Image("TestCase1/mist_corner_binary_observed.png")
When the stellar model fits are complete, you can now calculate the false positive probability by executing the following in a terminal:
`calcfpp TestCase1`
If you want to do a quicker test run, you can run calcfpp -n 1000 (for example), to make smaller populations (the default n is 20000, which takes about 10 minutes).
If you follow along with the output of calcfpp, you will notice it first fits the trapezoid model to the observed transit signal.
It then proceeds to generate populations for lots of different models, and subsequently to fit a trapezoidal model to each instance.
By default, calcfpp will use the following models:
- BEB (background(/foreground) eclipsing binary---physically unassociated with target star)
- HEB (hierarchcial eclipsing binary)
- EB (eclipsing binary---the target star is an EB, no additional blending)
- Pl (planet: the true transiting planet model)
There are also _Px2 versions of the EB models, in which the false positive scenario has a period exactly twice the candidate's period, which could happen if the primary and secondary EB eclipse depths are very similar.
After running calcfpp, you now have the following files in your directory:
$ ls TestCase1
< full contents of directory >
Again, we see *.h5 and *.png files have been created.
One interesting file is the starfield.h5 file, which contains the TRILEGAL simulation of the background population of stars.
Let's take a look at it contents:
[take a look]
popset.h5 contains the simulated populations, and can be loaded as follows:
from vespa import PopulationSet
popset = PopulationSet.load_hdf('TestCase1/popset.h5')
Individual populations can be accessed from this object as follows:
bebs = popset['beb']
hebs = popset['heb']
Each of these population objects has a .stars attribute that contains all of the data for all the simulated instances of that model.

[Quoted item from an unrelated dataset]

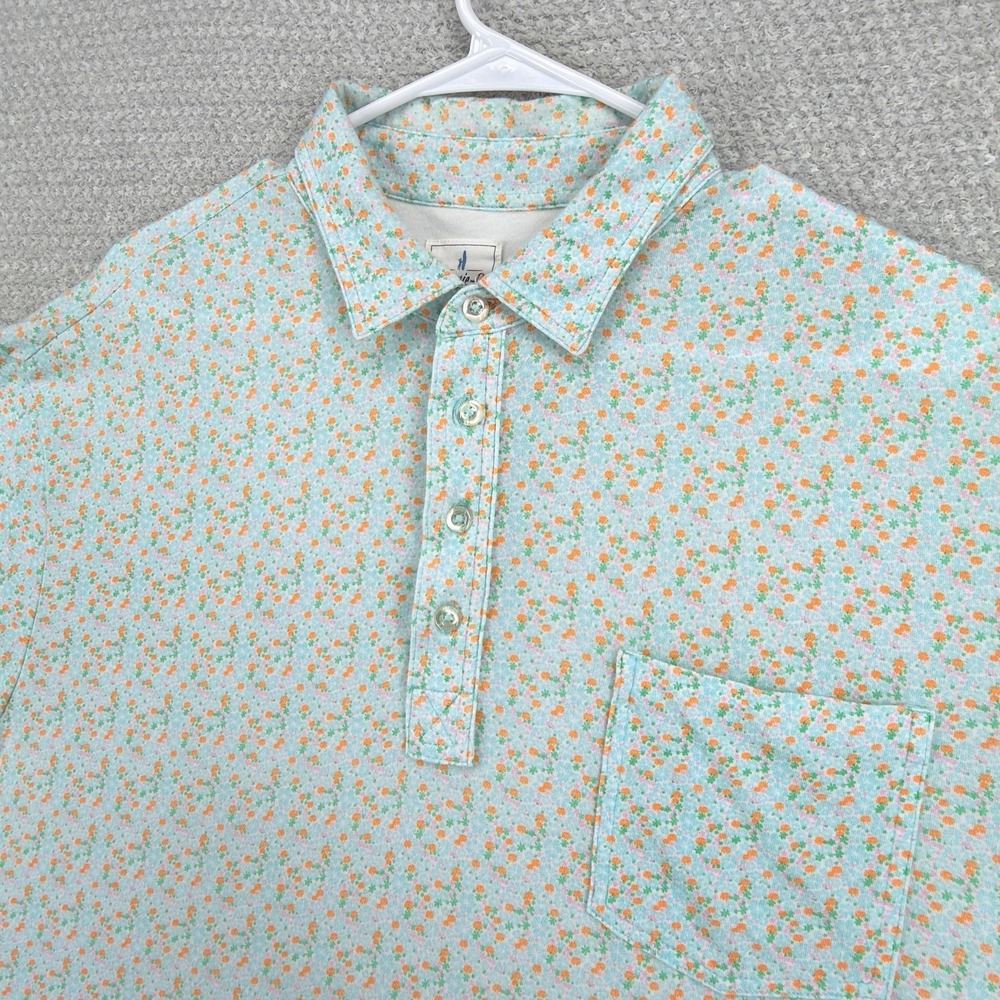 johnnie-O Fluer Polo Men's XL Peacock Floral Hangin' Out Stretch Pocket Cotton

As before, *.png files are diagnostic figures. FPPsummary.png displays the summary of the results, and the others are informative visualizations of the various models, showing the distribution of simulated trapezoidal model parameters compared to the trapezoidal fit to the true transit candidate signal.
You can also directly load the FPPCalculation object from this directory:
from vespa import FPPCalculation
fpp = FPPCalculation.load('TestCase1')
At this point, you should be able to quickly get the false positive probability result:
fpp.FPP()
The calculation is quick this time because the populations are already generated, and the likelihood computations have been cached.